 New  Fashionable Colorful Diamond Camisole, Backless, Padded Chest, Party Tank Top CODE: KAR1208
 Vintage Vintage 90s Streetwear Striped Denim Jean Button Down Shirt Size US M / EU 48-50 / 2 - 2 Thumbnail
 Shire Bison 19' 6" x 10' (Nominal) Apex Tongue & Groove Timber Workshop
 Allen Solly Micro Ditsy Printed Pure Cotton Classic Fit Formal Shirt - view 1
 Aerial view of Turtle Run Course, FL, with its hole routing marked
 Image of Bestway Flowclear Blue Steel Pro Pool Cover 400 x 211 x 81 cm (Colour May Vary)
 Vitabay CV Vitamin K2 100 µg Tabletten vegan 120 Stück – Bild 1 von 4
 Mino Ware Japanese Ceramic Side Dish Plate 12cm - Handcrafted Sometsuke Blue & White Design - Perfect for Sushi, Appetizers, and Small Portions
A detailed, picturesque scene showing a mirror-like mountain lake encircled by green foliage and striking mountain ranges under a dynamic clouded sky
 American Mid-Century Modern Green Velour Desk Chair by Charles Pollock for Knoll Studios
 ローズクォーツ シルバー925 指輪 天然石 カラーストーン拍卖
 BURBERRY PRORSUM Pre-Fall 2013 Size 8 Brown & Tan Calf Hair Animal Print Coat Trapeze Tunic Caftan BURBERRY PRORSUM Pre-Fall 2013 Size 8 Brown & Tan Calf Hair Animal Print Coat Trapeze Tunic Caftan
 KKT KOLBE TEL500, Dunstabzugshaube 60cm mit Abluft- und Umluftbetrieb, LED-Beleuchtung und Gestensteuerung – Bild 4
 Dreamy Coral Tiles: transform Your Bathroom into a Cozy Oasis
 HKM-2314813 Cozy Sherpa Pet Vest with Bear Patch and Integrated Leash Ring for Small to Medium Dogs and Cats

• • •

ABOUT THIS EXERCISE >> The full listing above needs to be transcribed exactly.

THE COMPLETED TASK >>
 New  Fashionable Colorful Diamond Camisole, Backless, Padded Chest, Party Tank Top CODE: KAR1208
 Vintage Vintage 90s Streetwear Striped Denim Jean Button Down Shirt Size US M / EU 48-50 / 2 - 2 Thumbnail
 Shire Bison 19' 6" x 10' (Nominal) Apex Tongue & Groove Timber Workshop
 Allen Solly Micro Ditsy Printed Pure Cotton Classic Fit Formal Shirt - view 1
 Aerial view of Turtle Run Course, FL, with its hole routing marked
 Image of Bestway Flowclear Blue Steel Pro Pool Cover 400 x 211 x 81 cm (Colour May Vary)
 Vitabay CV Vitamin K2 100 µg Tabletten vegan 120 Stück – Bild 1 von 4
 Mino Ware Japanese Ceramic Side Dish Plate 12cm - Handcrafted Sometsuke Blue & White Design - Perfect for Sushi, Appetizers, and Small Portions
A detailed, picturesque scene showing a mirror-like mountain lake encircled by green foliage and striking mountain ranges under a dynamic clouded sky
 American Mid-Century Modern Green Velour Desk Chair by Charles Pollock for Knoll Studios
 ローズクォーツ シルバー925 指輪 天然石 カラーストーン拍卖
 BURBERRY PRORSUM Pre-Fall 2013 Size 8 Brown & Tan Calf Hair Animal Print Coat Trapeze Tunic Caftan BURBERRY PRORSUM Pre-Fall 2013 Size 8 Brown & Tan Calf Hair Animal Print Coat Trapeze Tunic Caftan
 KKT KOLBE TEL500, Dunstabzugshaube 60cm mit Abluft- und Umluftbetrieb, LED-Beleuchtung und Gestensteuerung – Bild 4
 Dreamy Coral Tiles: transform Your Bathroom into a Cozy Oasis
 HKM-2314813 Cozy Sherpa Pet Vest with Bear Patch and Integrated Leash Ring for Small to Medium Dogs and Cats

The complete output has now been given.